Heavy arms fire broke out in the streets of Kampala tonight after former Ugandan president Milton Obote's party took an early lead in the country's tainted elections.

Partial returns from Wednesday's parliamentary elections announced this evening over the national radio gave Obote 52 seats, 11 short of a majority. But a 20-hour takeover of the ballot-counting procedure by the country's military rulers, which ended at midday today after international pressure, cast the eventual result in doubt for many Ugandans.

Yesterday, the rival Democratic Party had claimed victory based on reports from party agents. Shortly thereafter, however, Paulo Muwanga, chairman of the military commission running the country, took over sole control of the election and forbade publication of any results.

In the returns announced on the radio this evening, the Democratic Party had 35 seats and the Uganda Patriotic Movement one. Final results are expected Saturday.

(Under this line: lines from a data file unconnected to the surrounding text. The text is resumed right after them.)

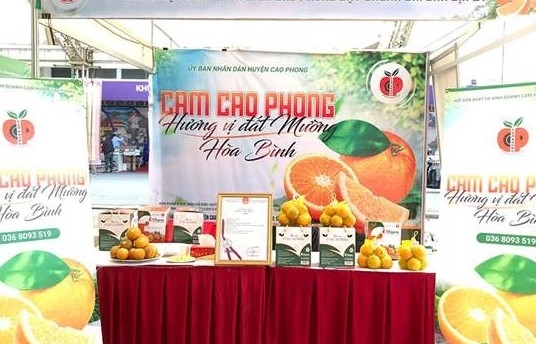 Cam Cao Phong: Gặt hát “trái ngọt” từ đầu tư nâng cao giá trị chỉ dẫn địa lý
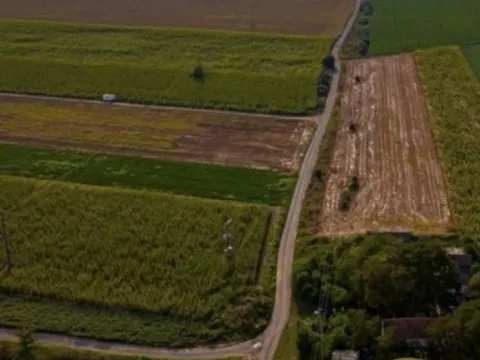 Sale, house, 75m², Čenej, Novi Sad Sve Podlokacije - image 3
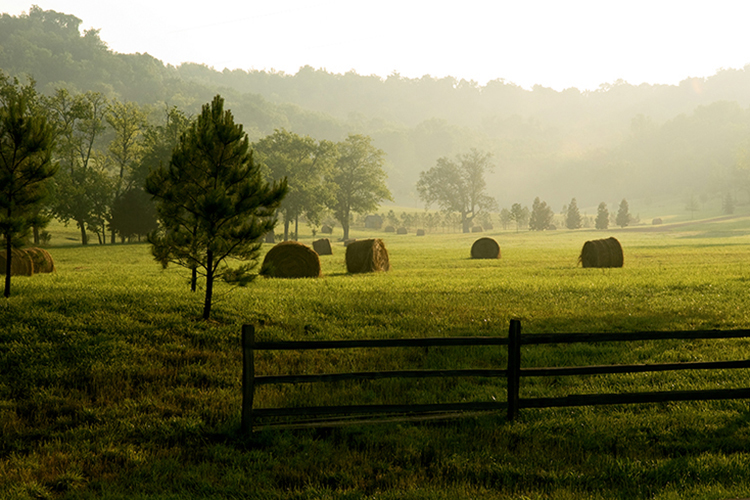 landscape Tennessee farm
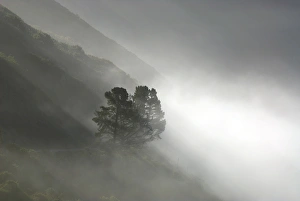 Images Dated 17th June 2006: Coastal cliffs, Big Sur, California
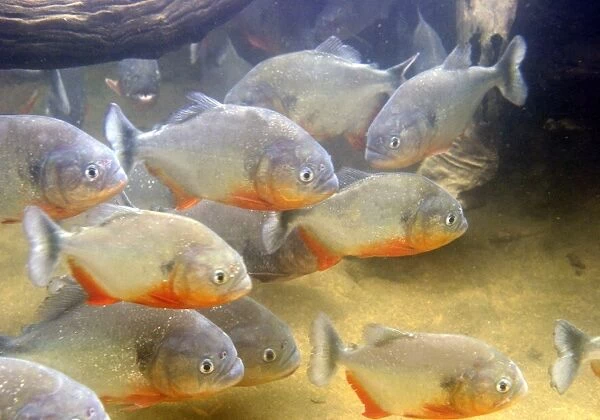 Piranha - underwater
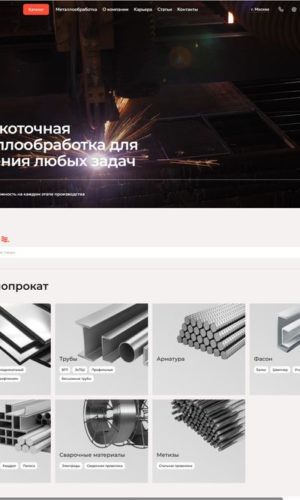 Разработка сайта для металлургической компании в Волгограде 8 Разработка сайта для металлургической компании в Липецке
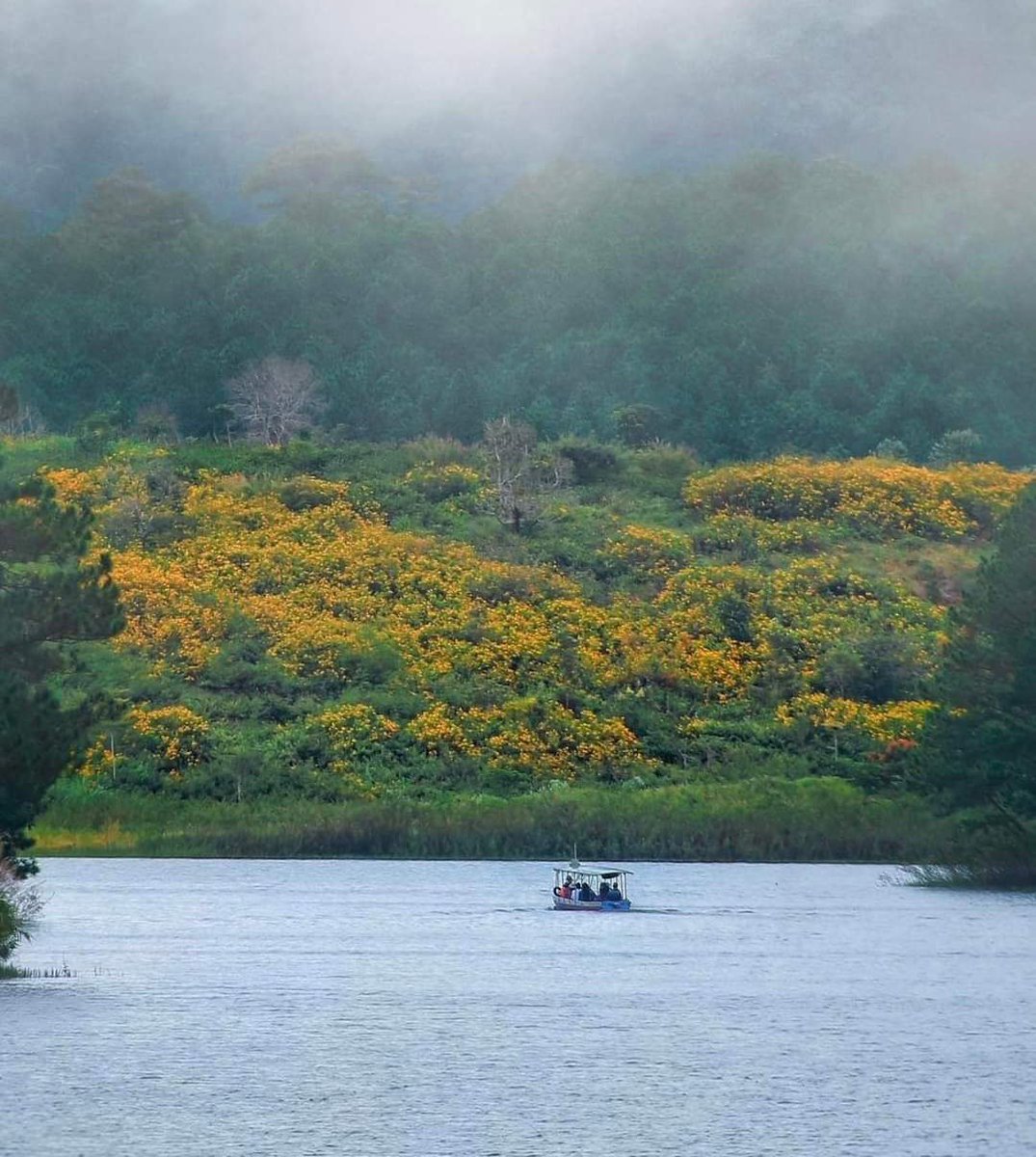 The wild sunflowers are in bloom at Tuyen Lam Lake, Da Lat. The dreamy season of Da Lat has arrived.

#Travel #Vietnam #dalat #nature #NatureBeauty #photography #wildsunflower #Hochiminhcity #ĐàLạt #Autumn #tourism #vietnamtravel #lake #Flowers #highland #tour #vietnamtours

There was no official declaration of an Obote victory. It was thought that election officials were waiting until one party achieved a numerical majority.

But restoration of Obote, who was overhtrown by Idi Amin in 1971, in such dubious circumstances would cast a cloud over hopes that this strife-torn East African country can return to normal after a decade of mass murder and chaos.

Shooting started shortly after dark in many parts of the city and continued in a sustained fashion for more than an hour. Three hours later sporadic firing, as is common in Kampala every night, could still be heard.

Army Commander Maj. Gen. Tito Okello broadcast an appeal for calm.

Guests at the Speke Hotel, including members of the Commonwealth group who have been observing the elections, hit the floor as recoilless rifle, machine-gun and small arms fire erupted outside the hotel. The firing involved people either celebrating or opposing Obote's apparent impending victory.

There have been fears that the election, the first in the country in 18 years, could be followed by civil unrest.

The controversy over vote-counting did nothing to ease these fears.

At noon today, after an hour-long meeting with the Commonwealth observers representing Britain and its former colonies, Mulwanga relented and returned to the original election procedure allowing the electoral commission to announce the results.

It was reported that Tanzanian President Julius Nyerere, who has 10,000 troops in the country in the aftermath of Amin's overthrow and Western nations including the United States and Britain, pressured Muwanga to restore the electoral process.

In Washington, the State Department called on Ugandan authorities to let the voice of the people be heard, Reuter reported.

Spokesman John Cannon said the situation in Uganda was far from clear in the aftermath of the elections. He added that U.S. officials were awaiting the results. He said: "We hope Ugandan authorities will allow the voice of the people to be accurately heard."

Observers pointed out that Muwanga's move yesterday gave the military commission, which backed Obote, almost a day to tamper with the results even though there were safeguards built into the process.

Paul Ssemorerere, leader of the Roman Catholic-based Democratic Party, said today, "This has not been a good afternoon. The trend on the official radio is clear, but reports from the field give a very upsetting picture. They don't appear to be regular. There are a number of questions."

The party earlier had accused Obote and Muwanga of trying to steal the election.

Further illustrating the distrust in the vote-counting process, one diplomat said, "The final falsifications haven't come in yet."